Biomarkers in diabetes: hemoglobin A1c, vascular and tissue markers

  • Timothy J. Lyons
    Reprint requests: Timothy J. Lyons, MD, FRCP, Harold Hamm Diabetes Center and Section of Endocrinology and Diabetes, University of Oklahoma Health Sciences Center, 1000 N. Lincoln Blvd., Suite 2900, Oklahoma City, OK 73104-5020.

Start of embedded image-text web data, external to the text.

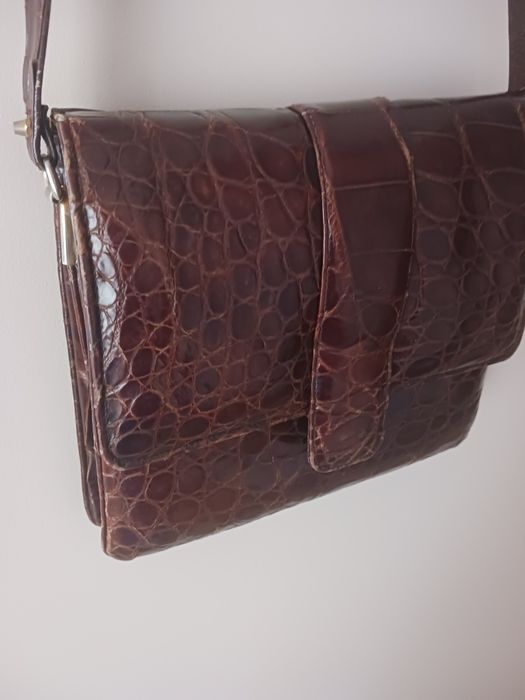 Torebka skórzana VIntage ze skóry czekoladowa brazowa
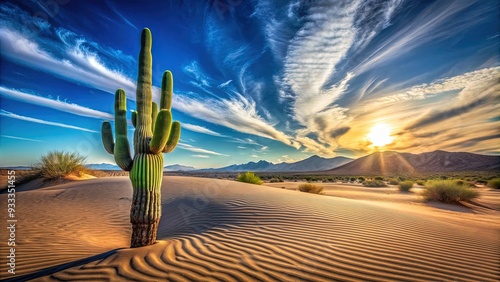 A majestic, solitary saguaro cactus stands tall amidst a sprawling expanse of sun-baked sand, its wavy arms stretching towards the vibrant blue desert sky. photo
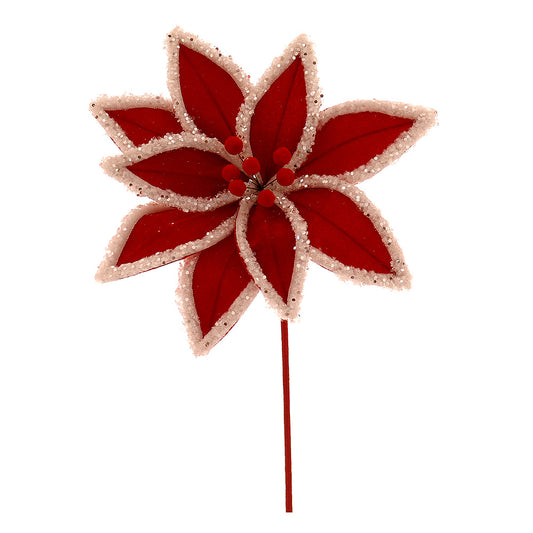 Floare decorativa Rhona, rosu, 31 cm - SIMONA'S CHRISTMAS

    Harold Hamm Diabetes Center and Section of Endocrinology and Diabetes, University of Oklahoma Health Sciences Center, Oklahoma City, Okla
    Search for articles by this author
  • Arpita Basu
    Department of Nutritional Sciences, Oklahoma State University, Stillwater, Okla
    Search for articles by this author
Published:February 10, 2012DOI:
      Biomarkers are conventionally defined as “biological molecules that represent health and disease states.” They typically are measured in readily available body fluids (blood or urine), lie outside the causal pathway, are able to detect subclinical disease, and are used to monitor clinical and subclinical disease burden and response to treatments. Biomarkers can be “direct” endpoints of the disease itself, or “indirect” or surrogate endpoints. New technologies (such as metabolomics, proteomics, genomics) bring a wealth of opportunity to develop new biomarkers. Other new technologies enable the development of nonmolecular, functional, or biophysical tissue-based biomarkers. Diabetes mellitus is a complex disease affecting almost every tissue and organ system, with metabolic ramifications extending far beyond impaired glucose metabolism. Biomarkers may reflect the presence and severity of hyperglycemia (ie, diabetes itself) or the presence and severity of the vascular complications of diabetes. Illustrative examples are considered in this brief review. In blood, hemoglobin A1c (HbA1c) may be considered as a biomarker for the presence and severity of hyperglycemia, implying diabetes or prediabetes, or, over time, as a “biomarker for a risk factor,” ie, hyperglycemia as a risk factor for diabetic retinopathy, nephropathy, and other vascular complications of diabetes. In tissues, glycation and oxidative stress resulting from hyperglycemia and dyslipidemia lead to widespread modification of biomolecules by advanced glycation end products (AGEs). Some of these altered species may serve as biomarkers, whereas others may lie in the causal pathway for vascular damage. New noninvasive technologies can detect tissue damage mediated by AGE formation: these include indirect measures such as pulse wave analysis (a marker of vascular dysfunction) and more direct markers such as skin autofluorescence (a marker of long-term accumulation of AGEs). In the future, we can be optimistic that new blood and tissue-based biomarkers will enable the detection, prevention, and treatment of diabetes and its complications long before overt disease develops.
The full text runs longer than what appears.